Menopause pushes things in the opposite direction. As estrogen levels decline, the vaginal lining thins and produces significantly less moisture. Many women experience dryness, which can make sex uncomfortable. Research on estrogen therapy in postmenopausal women shows that while hormone levels and tissue appearance can bounce back relatively quickly, it takes 18 to 24 months for vaginal moisture and tissue function to fully restore. That lag explains why dryness and discomfort can persist even after starting treatment.

Signs of a Yeast Infection

Yeast infections happen when a fungus called Candida, which normally lives in the vagina in small amounts, overgrows. The hallmark is thick, white, clumpy discharge that looks like cottage cheese. It usually doesn’t have a strong smell, but it comes with intense itching and burning around the vulva. Pain during sex or urination is also common. Yeast infections aren’t sexually transmitted, and they’re one of the most frequent reasons women notice a sudden change in their discharge.

Signs of Bacterial Vaginosis

Bacterial vaginosis (BV) is the most common vaginal condition in women ages 15 to 44. It develops when the balance of bacteria in the vagina shifts, allowing less beneficial types to take over. The discharge tends to be thin and grayish, often heavier than usual. The defining feature is the smell: a fishy odor that becomes especially noticeable after your period or after sex. Unlike yeast infections, BV doesn’t usually cause much itching or irritation, which is one way to tell the two apart.

When Discharge Could Signal an STI

Several sexually transmitted infections change the appearance of discharge in distinct ways:

  • Trichomoniasis produces discharge that can be clear, white, greenish, or yellowish, often with a strong fishy odor. It may also cause itching, burning, or redness.
  • Gonorrhea can cause thick, cloudy, or bloody discharge, sometimes with painful urination.
  • Chlamydia often produces no visible symptoms at all, which is part of what makes it dangerous. When discharge changes do occur, they tend to be subtle.

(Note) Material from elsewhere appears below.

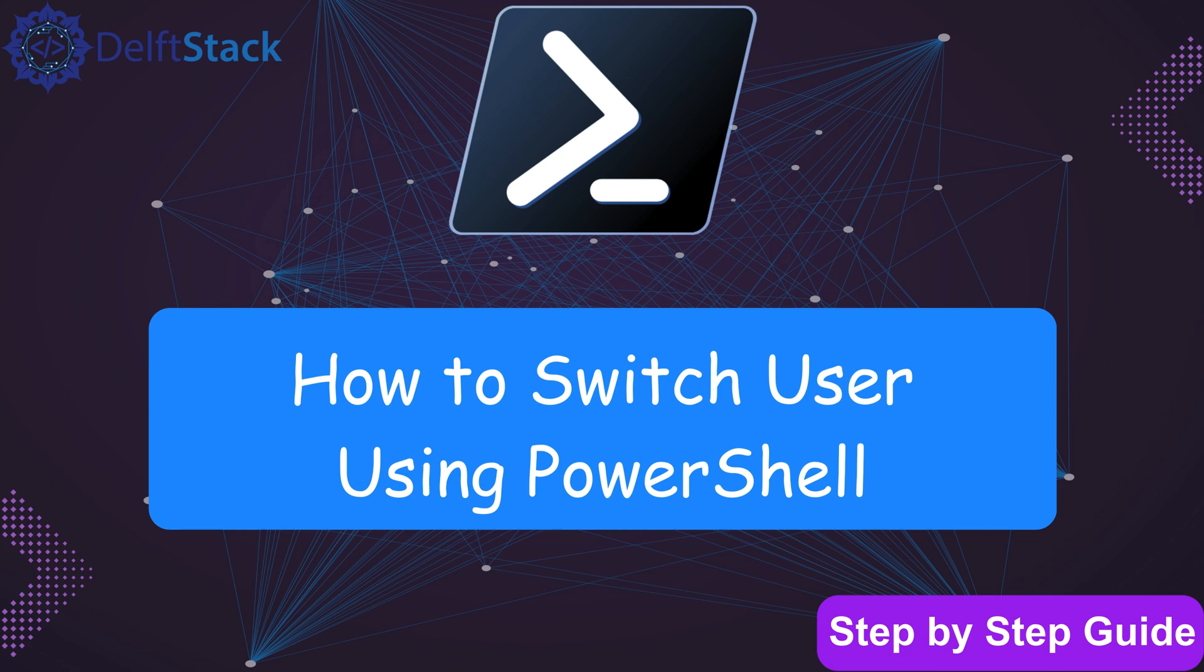Need to switch users in PowerShell but not sure how? Whether you're managing multiple accounts or accessing remote systems, I'll show you the best methods to do it, step by step.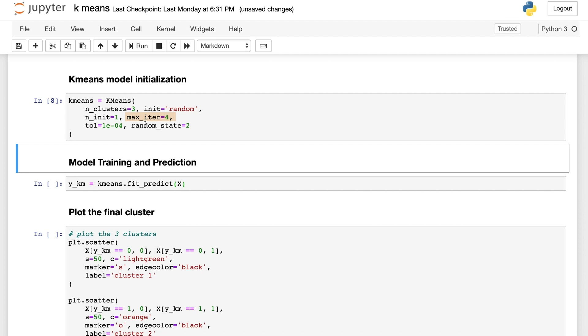The centers will finally converge to some final position. The tolerance parameter defines how we declare convergence based on the difference in the metrics between different iterations. As usual, we define random_state for the purpose of reproducibility.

The tricky part is that STI symptoms can overlap with BV or yeast infections, making it impossible to self-diagnose based on appearance alone. If your discharge changes alongside pelvic pain, fever, bleeding between periods, or pain during sex, those are signs that something beyond a routine infection may be going on.

What to Avoid and What Actually Helps

The vagina is self-cleaning. The discharge itself is the cleaning mechanism, so you don’t need to wash inside or use any special products internally. Women who douche once a week are five times more likely to develop BV than women who don’t, because douching strips away the protective bacteria and disrupts the natural acidity. It can also push existing infections deeper into the reproductive tract, potentially causing pelvic inflammatory disease. Douching has also been linked to difficulty getting pregnant and higher rates of ectopic pregnancy.

For external hygiene, warm water is enough. A mild, unscented soap on the outer vulva is fine for most women, though even gentle soaps can cause irritation if you’re prone to sensitivity or have an active infection. Scented tampons, pads, powders, and sprays all increase the risk of vaginal infections and aren’t necessary.

Cotton underwear and breathable fabrics help keep moisture from building up. Changing out of wet swimsuits or sweaty workout clothes promptly makes a difference too, since warm, damp environments encourage yeast overgrowth.

Changes Worth Paying Attention To

Discharge on its own, even in large amounts, is rarely a problem if it looks and smells the way it normally does for you. The key is noticing a change from your personal baseline. A shift in color toward green, gray, or yellow, a new or worsening odor, unusual thickness or volume, or any accompanying symptoms like itching, burning, pelvic pain, or fever are all signals your body is telling you something has shifted. Bloody or brown discharge outside of your period, especially after menopause, also warrants attention.